• [Description of the task] One number is the whole answer: the tally of lines in the records that include the word "Daily".

• [Data]
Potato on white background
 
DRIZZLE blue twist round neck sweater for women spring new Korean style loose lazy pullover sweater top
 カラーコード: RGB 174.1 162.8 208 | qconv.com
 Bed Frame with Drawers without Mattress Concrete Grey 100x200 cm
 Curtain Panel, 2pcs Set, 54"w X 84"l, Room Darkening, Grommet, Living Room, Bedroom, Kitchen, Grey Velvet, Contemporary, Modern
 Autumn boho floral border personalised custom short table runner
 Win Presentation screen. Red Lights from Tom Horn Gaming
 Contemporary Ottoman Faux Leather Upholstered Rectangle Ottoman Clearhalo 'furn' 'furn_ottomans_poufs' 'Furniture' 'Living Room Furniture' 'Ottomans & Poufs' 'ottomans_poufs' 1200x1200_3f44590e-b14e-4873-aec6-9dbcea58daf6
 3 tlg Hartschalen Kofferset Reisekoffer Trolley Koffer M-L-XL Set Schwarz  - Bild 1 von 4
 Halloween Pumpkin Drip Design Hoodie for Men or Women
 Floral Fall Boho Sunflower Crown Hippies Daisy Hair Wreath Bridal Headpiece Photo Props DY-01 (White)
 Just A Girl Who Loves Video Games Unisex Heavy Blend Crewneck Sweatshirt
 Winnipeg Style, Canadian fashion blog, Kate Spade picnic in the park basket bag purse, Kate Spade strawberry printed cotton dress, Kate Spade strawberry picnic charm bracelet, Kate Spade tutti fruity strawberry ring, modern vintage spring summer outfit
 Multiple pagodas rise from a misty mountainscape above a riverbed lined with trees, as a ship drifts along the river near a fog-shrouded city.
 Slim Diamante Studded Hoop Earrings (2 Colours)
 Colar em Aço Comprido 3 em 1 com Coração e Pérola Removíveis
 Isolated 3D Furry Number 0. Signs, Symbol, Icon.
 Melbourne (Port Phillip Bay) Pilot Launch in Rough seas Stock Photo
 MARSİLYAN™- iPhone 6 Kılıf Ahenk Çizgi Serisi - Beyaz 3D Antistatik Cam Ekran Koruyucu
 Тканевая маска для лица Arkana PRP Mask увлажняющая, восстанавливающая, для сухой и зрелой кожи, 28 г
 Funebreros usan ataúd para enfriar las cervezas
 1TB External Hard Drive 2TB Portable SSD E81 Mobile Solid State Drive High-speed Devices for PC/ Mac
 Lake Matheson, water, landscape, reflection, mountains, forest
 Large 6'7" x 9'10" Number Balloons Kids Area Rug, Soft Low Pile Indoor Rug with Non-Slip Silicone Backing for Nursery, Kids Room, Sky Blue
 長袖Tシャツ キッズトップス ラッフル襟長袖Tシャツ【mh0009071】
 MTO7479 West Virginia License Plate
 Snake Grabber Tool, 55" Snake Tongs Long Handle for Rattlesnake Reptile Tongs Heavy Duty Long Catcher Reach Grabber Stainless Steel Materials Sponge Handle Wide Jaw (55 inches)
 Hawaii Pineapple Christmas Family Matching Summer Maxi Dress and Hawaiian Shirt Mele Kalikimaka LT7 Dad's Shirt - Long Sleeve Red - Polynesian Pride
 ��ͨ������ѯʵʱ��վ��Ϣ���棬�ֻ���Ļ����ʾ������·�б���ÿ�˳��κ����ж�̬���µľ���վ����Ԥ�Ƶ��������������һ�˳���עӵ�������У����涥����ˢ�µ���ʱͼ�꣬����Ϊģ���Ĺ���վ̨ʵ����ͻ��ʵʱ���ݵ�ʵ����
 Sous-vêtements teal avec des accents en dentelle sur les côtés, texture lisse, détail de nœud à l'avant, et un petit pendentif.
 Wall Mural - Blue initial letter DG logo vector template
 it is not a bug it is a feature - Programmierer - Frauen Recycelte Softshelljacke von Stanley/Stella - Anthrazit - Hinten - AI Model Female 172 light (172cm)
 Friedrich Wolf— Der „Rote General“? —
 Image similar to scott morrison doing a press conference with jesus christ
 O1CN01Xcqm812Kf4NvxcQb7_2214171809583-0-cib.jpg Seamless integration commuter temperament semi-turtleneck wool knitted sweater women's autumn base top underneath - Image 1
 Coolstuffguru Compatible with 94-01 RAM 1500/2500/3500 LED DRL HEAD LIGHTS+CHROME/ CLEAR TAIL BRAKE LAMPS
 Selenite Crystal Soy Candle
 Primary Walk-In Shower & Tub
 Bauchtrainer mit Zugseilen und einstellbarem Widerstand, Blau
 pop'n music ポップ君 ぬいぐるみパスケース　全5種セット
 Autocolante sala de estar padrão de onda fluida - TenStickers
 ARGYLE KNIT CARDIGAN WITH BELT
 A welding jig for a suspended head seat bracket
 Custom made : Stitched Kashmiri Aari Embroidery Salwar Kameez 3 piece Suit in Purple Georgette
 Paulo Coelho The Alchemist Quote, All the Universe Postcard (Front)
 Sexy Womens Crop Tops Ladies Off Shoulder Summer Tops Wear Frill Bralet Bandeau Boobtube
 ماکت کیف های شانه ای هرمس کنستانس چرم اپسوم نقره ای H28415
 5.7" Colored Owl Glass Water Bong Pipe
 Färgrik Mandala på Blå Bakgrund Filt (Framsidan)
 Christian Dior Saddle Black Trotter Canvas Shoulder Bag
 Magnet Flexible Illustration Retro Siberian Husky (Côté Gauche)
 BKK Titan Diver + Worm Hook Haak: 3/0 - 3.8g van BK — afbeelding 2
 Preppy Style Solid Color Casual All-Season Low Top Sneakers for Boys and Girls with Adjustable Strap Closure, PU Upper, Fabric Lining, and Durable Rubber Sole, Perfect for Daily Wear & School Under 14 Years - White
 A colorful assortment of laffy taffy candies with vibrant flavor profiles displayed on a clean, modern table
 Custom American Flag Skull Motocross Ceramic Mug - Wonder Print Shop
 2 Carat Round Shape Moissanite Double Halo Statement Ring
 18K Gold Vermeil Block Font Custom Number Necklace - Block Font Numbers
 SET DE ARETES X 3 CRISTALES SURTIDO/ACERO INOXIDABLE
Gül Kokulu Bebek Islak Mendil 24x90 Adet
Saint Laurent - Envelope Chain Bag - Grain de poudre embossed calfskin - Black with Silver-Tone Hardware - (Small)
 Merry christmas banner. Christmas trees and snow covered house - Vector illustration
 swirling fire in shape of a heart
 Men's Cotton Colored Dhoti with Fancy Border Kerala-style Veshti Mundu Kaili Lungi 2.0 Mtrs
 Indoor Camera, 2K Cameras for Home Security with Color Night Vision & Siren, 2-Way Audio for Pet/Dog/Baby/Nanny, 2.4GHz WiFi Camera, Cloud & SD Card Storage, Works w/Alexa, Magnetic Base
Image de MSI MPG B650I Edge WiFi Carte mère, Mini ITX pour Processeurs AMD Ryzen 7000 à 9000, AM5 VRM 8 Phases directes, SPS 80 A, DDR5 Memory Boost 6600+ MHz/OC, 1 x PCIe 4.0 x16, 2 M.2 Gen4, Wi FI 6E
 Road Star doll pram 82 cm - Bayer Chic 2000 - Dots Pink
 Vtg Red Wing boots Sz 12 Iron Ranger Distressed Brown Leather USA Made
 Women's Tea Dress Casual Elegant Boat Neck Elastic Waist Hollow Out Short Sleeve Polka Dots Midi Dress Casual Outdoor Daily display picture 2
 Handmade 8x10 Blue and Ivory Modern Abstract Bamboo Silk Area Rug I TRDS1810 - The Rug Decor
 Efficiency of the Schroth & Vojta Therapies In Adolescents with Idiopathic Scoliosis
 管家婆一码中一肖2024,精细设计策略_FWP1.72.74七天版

• [Answer section] 2